One thinks of, in the first instance, of Fifty Shades of Grey by E. L. James and of one or two books by Harold Robbins [my mother read them first!] , in the second-- of my own book, The Sultan’s Boy, in which I wrote an incredible sex scene between Radu and Boris, neither of them over fifteen years old (the book takes place in the middle ages, for Goddess’s sake! They couldn’t have been expected to live much longer than that….

It isn´t long before Isherwood comes up with another truly hilarious scene, between George and his student Kenny at George’s aforementioned favourite gay bar:

‘And now an hour, maybe, has passed. And they are both drunk: Kenny fairly, George very.’

George says, “Just as a matter of the purest psychological interest, why do you persist in calling me sir?”

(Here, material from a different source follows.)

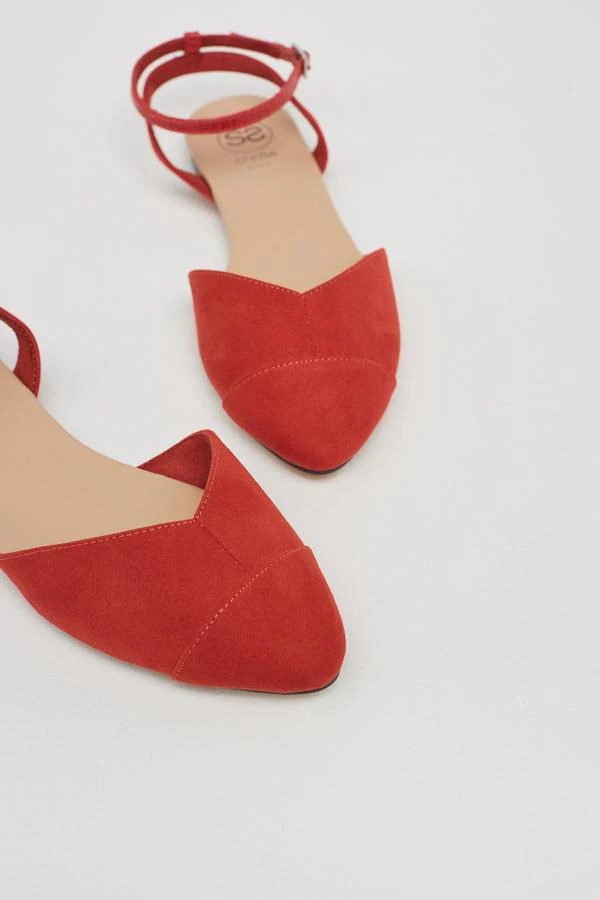Alerta tendencia: el color que no puede faltar en tu calzado la próxima temporada es el rojo
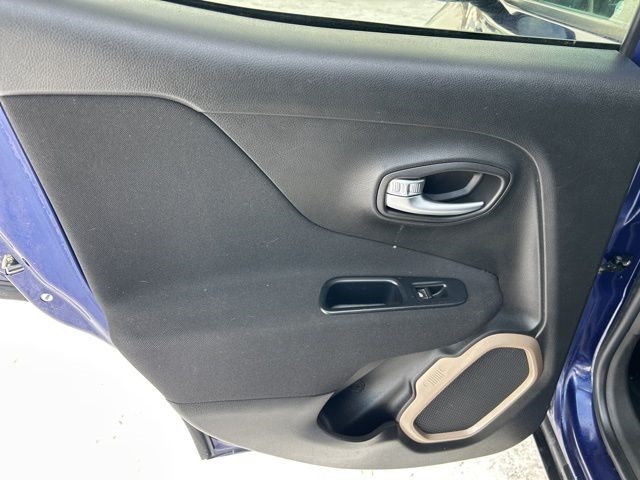 Jeep Renegade Latitude 4WD 2016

“Maybe, the point is, I like calling you sir… What’s so phony nowadays is all this familiarity. Pretending there isn’t any difference between people—well, like you were saying this morning about minorities, this morning. If you and I are no different, what do we have to give each other? How can we ever be friends?”

He does understand, George thinks, delighted.

“Say, you know—when I came over here—I mean, when I thought I might just happen ro run into you this evening—there was something I wanted to ask you. I just remembered what it was—“ [Kenny] downs the rest of his drink in one long swallow— “it’s about experience. They keep telling, when you’re older, you’ll have experience—and that’s supposed to be so great. What would you say about that, sir? Is it really any use, would you say?”

“Let me tell you something, Kenny. For other people, I can’t speak—but personally I haven’t gotten wise on anything. Certainly, I’ve been through this and that; and when it happens again, I say to myself, Here it is again. But that doesn’t seem to help me. In my opinion, I, personally, have gotten sillier and sillier and sillier—and that’s a fact.”

“No kidding, sir? You can’t mean that! You mean, sillier than when you were young?”

“Much, much sillier.”…

“Let’s go swimming,” says Kenny abruptly, as if bored by the whole conversation.

“All right.”

Kenny throws his head back and laughs wildly.”Oh—that’s terrific!”

And they pay and run across the highway to the ocean, take their clothes off and leap into the waves.

And you will just have to read the rest of this book yourself. It is available right now at A Page in the Sun Bookshop/Café. I just have two more things to say; the first is, for our Spanish readers, that A SINGLE MAN has been translated into Spanish as Un Hombre Soltero. The second is, to the straight-laced reviewers of this book, if you’re not going to have fun, why ruin other people’s fun?